OldCoach-thank you for the update. I do not intend to use the saw much just the occasional home owner type stuff. With that being said, the dust collection is no big deal to me, I will likely never hook it up.

My wife has recently asked me to build a coffee table, 2 end tables, and a buffet bar which I did with a 15+ year old Benchtop 8 1/4 that is just extremely basic and functions but that is about it. At some point, which dad never did use it when he had it, there have been several pieces go missing so all I basically have is the saw itself, none of the extra fences or clamps or even the miter set screw. But now she is wanting me to build a crib, changing table and dresser for our upcoming child and after I realized just how basic mine was, it was time to buy a new one.

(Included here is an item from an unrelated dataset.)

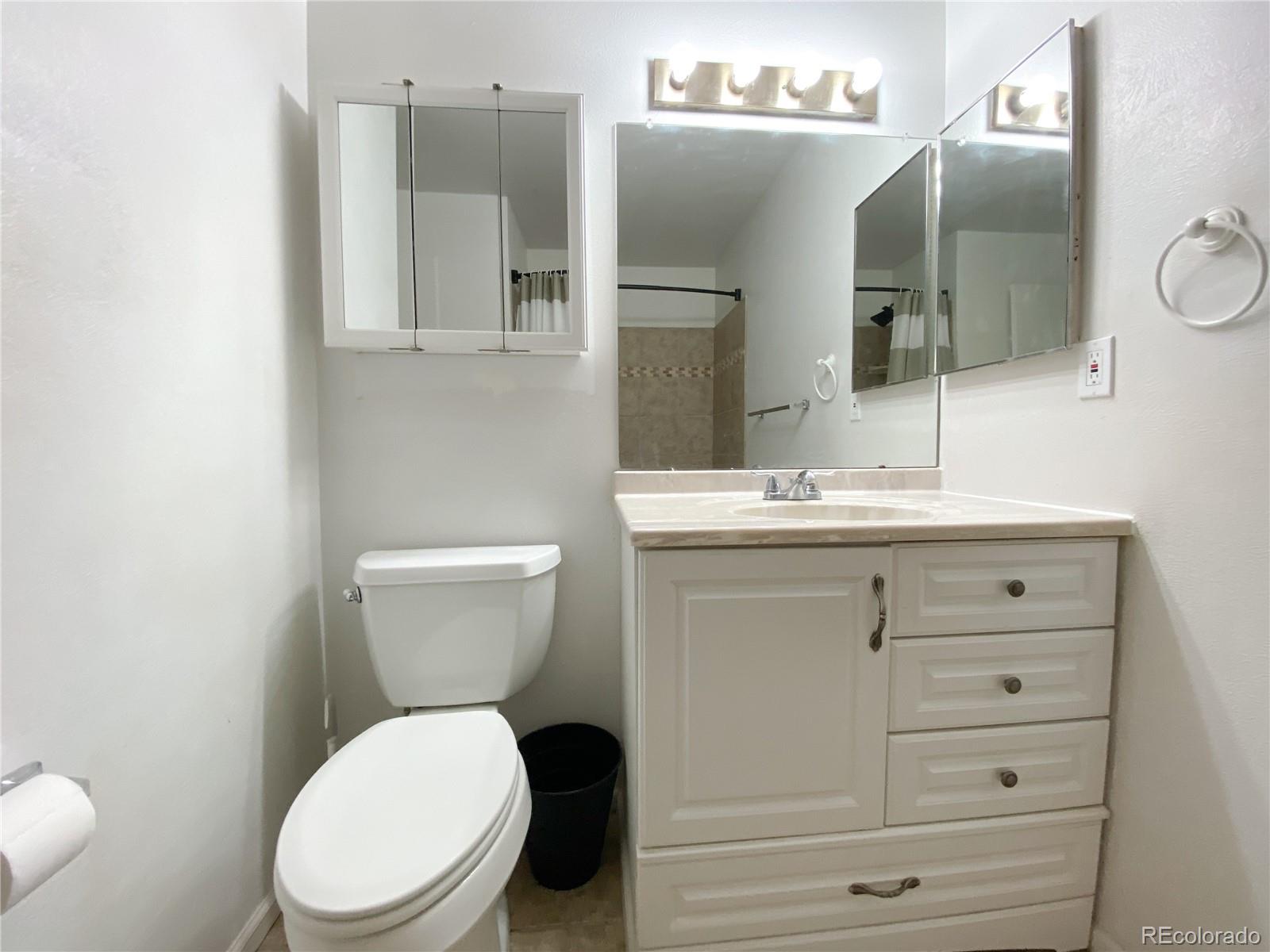 8423 Everett Way, Unit B Arvada, CO 80005 - Photo 19 of 27 a bathroom with a toilet sink and mirror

If this saw is good and precise, which from your review it seems to be, it could very well be the best bang for the buck. I plan to buy an arbor laser for it just basically since I think it could assist and it is a fairly cheap add-on for about $20.

I appreciate the update and I plan to buy mine tonight. Thanks for all the input.


----------



## BenDupre

Fwiw the Masterforce has a laser. Still $30 cheaper the northern tool version is better value. I have an irwin laser on my HF and it is always dead on. Only drawback is it only marks the left side of the cut.


----------



## sjonesy1

The masterforce I would have to pay shipping (they do not offer a ship to store and the closest one is 1.5hr one way away) which was 21 and I'd have to pay sales tax too where there is one in my state. There is not a northerntool in my state so I dont have to pay sales tax on it.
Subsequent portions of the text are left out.